Abstract

Abstract Improved drilling techniques have overcome many of the inherent difficulties associated with the delivery of Icotea and Misoa wells in the West Urdaneta Field of Lake Maracaibo. Advancements such as rotary steerable assemblies, logging-while- drilling (LWD) tools, annular pressure subs and new bit designs have allowed drilling of extended reach and horizontal wells to become routine. However, borehole instability and lost circulation problems have continued to negatively impact operations, compounding well delivery costs. In an effort to address these problems, a variety of non-aqueous fluids (NAF) and water-based muds (WBM) have been used. While each provides distinct advantages, there has never been a system which could solve all problems associated with drilling the Icotea and Misoa formations. Lost circulation and wellbore instability (defined by almost continual caving of shales in the La Rosa formation) have plagued NAF applications in this field. A variety of WBM systems have been used and each one has also presented its own problems including hole enlargement, bit balling, accretion, low rates of penetration, insufficient hole cleaning, and the need for excessive backreaming.
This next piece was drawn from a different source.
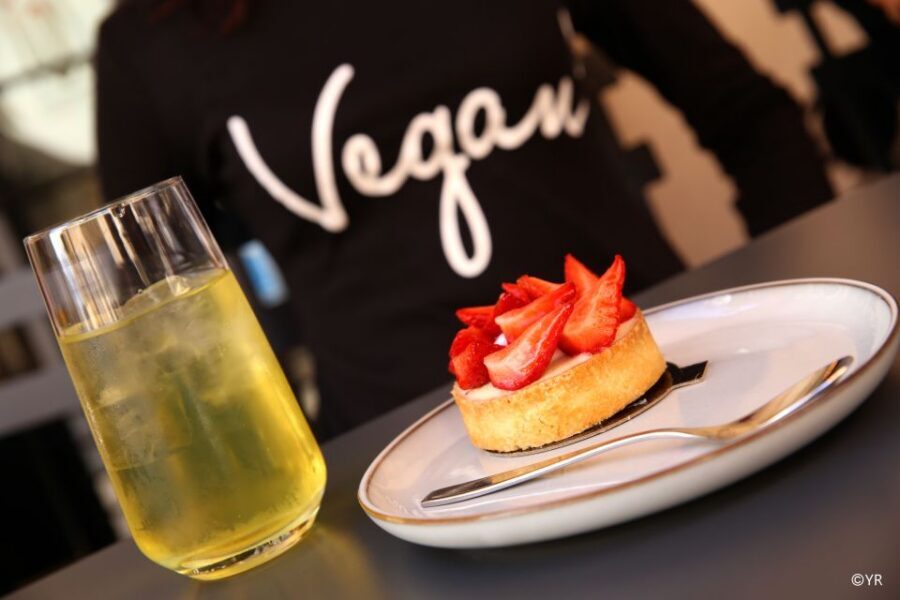 Lyon: Croix-Rousse District Vegan Food Tour with Tastings - Guides matter: what Lulu, Boris, and Ludivine add to the experience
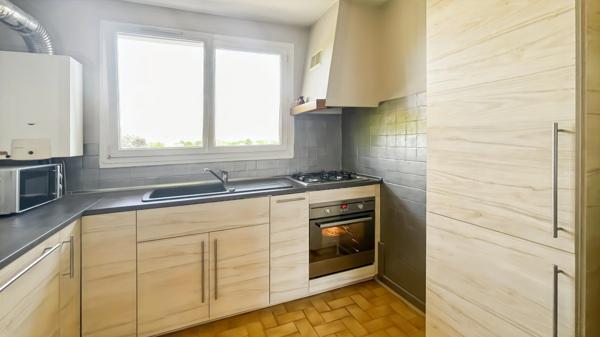 Appartement T3 à vendre 3 pièces LES CLAYES SOUS BOIS (78)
Finding a fluid that would deliver step-change performance in of drilling efficiency compared to previously used systems, while also adhering to the strict environmental limitations for the area, was paramount to continue economically viable drilling operations in the Urdaneta Field. This challenge was met using an environmentally benign, low-salinity high-performance water-based mud (HPWBM), which was field tested in the intermediate section of the Icotea and Misoa wells. The novel fluid was used to drill through the problematic Laguna, Lagunillas, and La Rosa formations. By analyzing the field tests results, conducting after action reviews (AAR) and maintaining a productive dialogue between all parties involved, the operational performance of these wells showed substantial and continual improvement. The low-salinity HPWBM is now our system of choice for drilling intermediate hole sections in the West Urdaneta Field. This paper provides a detailed technical overview of the new HPWBM, provides and the results of the early field tests and of subsequent wells, demonstrates enabling impact of this new technology on driving continual operational improvement.